Judith Lang Zaimont was born in Memphis, Tennessee, into a musical family. She grew up in New York City, began piano studies at the age of five, and at age eleven was accepted into the preparatory division of The Juilliard School. There, as she has since recalled, she first realized that she was “born to be a composer.” During her teen years she won several composition competitions, including that of the National Federation of Music Clubs; and at age eighteen she was awarded the BMI (Broadcast Music, Inc.) Young Composer Award.
Zaimont studied piano at Juilliard with Leland Thompson (1958–64), and composition at Queens College with Hugo Weisgall and at Columbia University with Otto Luening and Jack Beeson. After receiving her master’s degree, she went to Paris to study orchestration with André Jolivet on a Debussy Fellowship from the Alliance Française.
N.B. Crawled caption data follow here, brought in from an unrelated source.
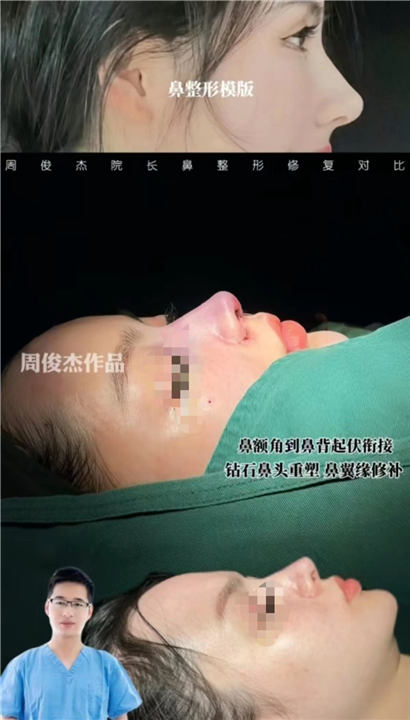 周俊杰鼻整形怎么样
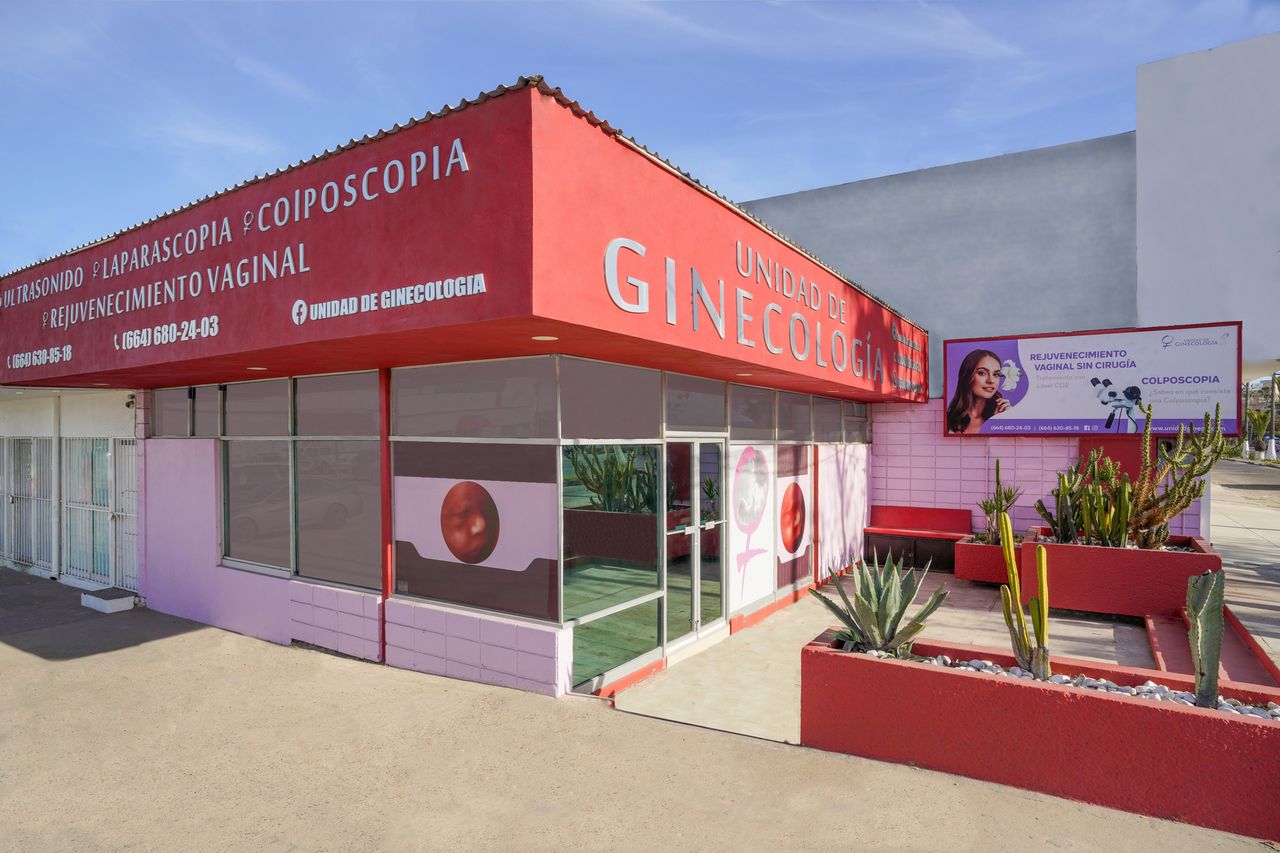 Unidad de Ginecología, TIJUANA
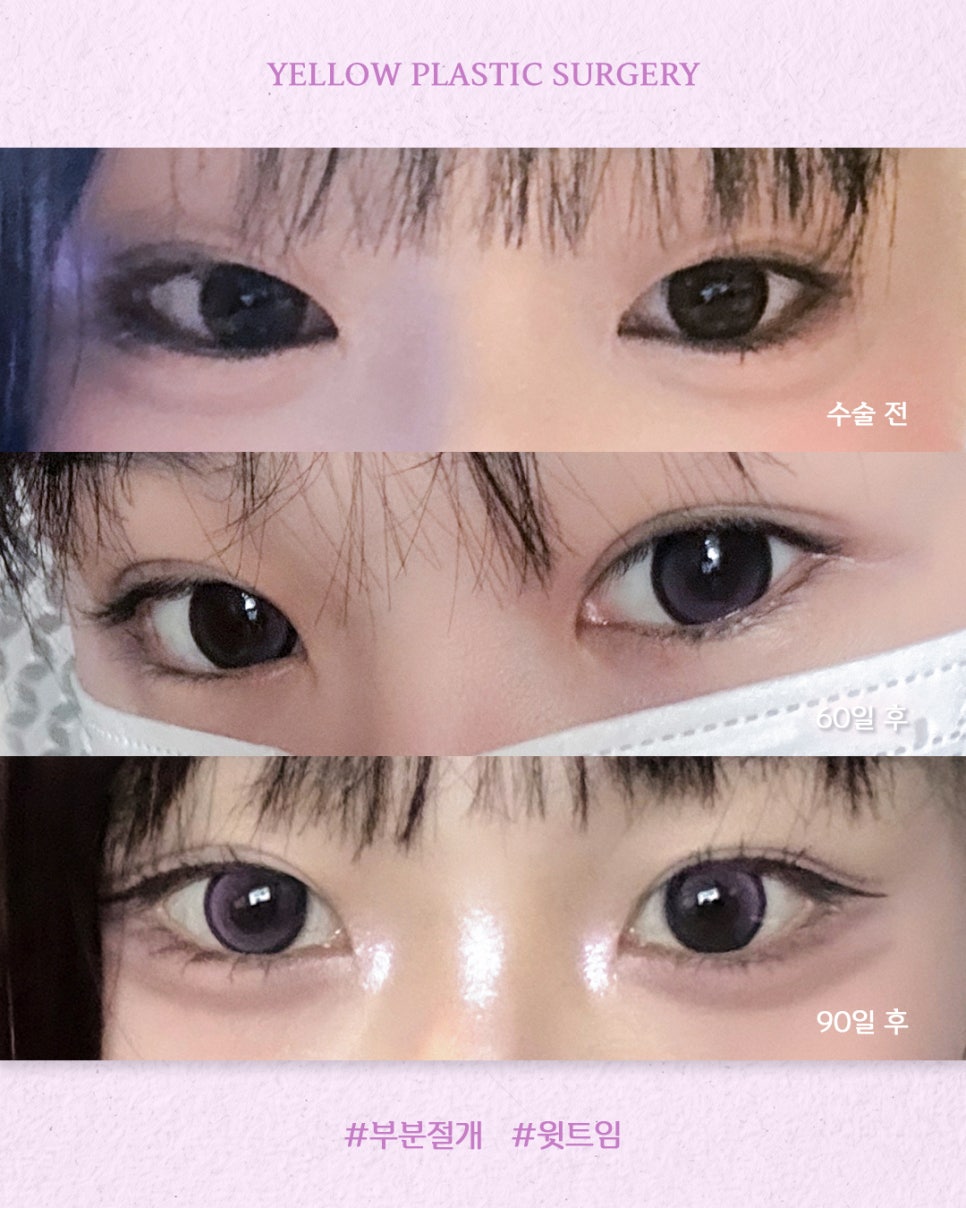 [ 강남역 옐로우성형외과 / 눈성형 ] 부분절개 + 윗트임 관련 이미지 1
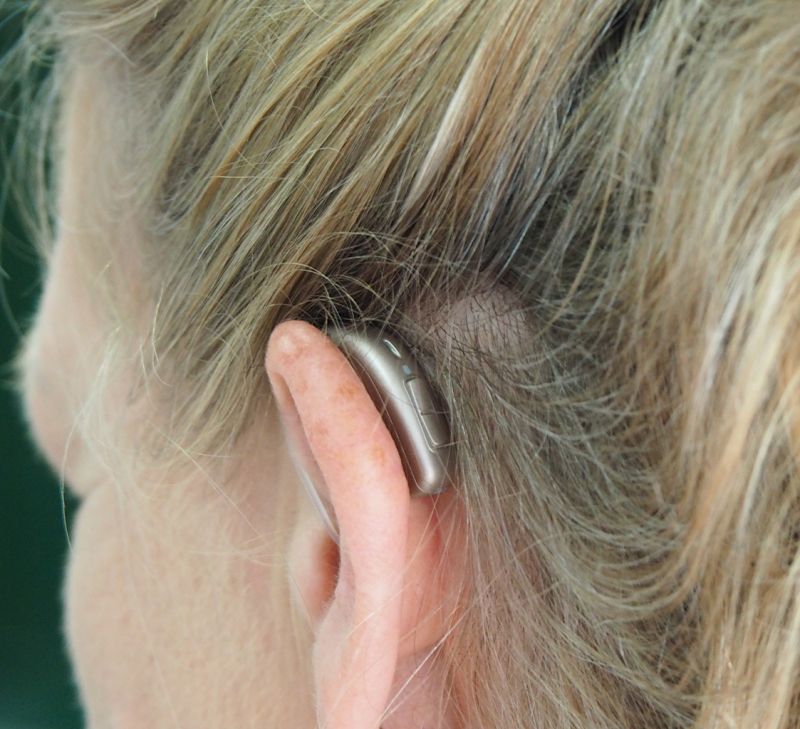 appareil auditif positionné sur oreille gauche - vue de derrière
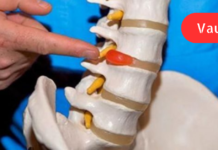 მხოლოდ ამ 3 ინგრედიენტის გამოყენებით მოიშორეთ მალთაშუა დისკის თიაქარი!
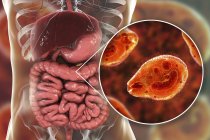 Illustrazione digitale che mostra da vicino il protozoo ciliato Balantidium coli parassita intestinale che causa ulcera della balantidiasi nel tratto intestinale umano . — Foto stock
While still in her teen years, before deciding to devote herself principally to composition, Zaimont formed a duo-piano team with her sister, Doris (now an accomplished opera director, Doris Kosloff). They toured the United States, recording and appearing on radio and television—including performances on Mitch Miller’s popular television show, Sing Along with Mitch.
Zaimont’s earlier works—written for the most part prior to 1980—are mainly vocal or for solo piano. In addition to the works recorded here, her Judaically related pieces from that period also include Man’s Image and His Cry (1968), for contralto and baritone soloists, chorus, and orchestra. General vocal works from that time frame include choral and solo settings of poems by Shakespeare, Shelley, Herrick, Gay, Auden, Cummings, Byron, Baudelaire, Verlaine, Rimbaud, Blake, and others. Her piano works from those years include a concerto (1972) and numerous solo pieces, such as A Calendar Set (1972–78); Two Rags (1974); the nocturne La Fin de siecle (1978); and the four-hand Snazzy Sonata (1972).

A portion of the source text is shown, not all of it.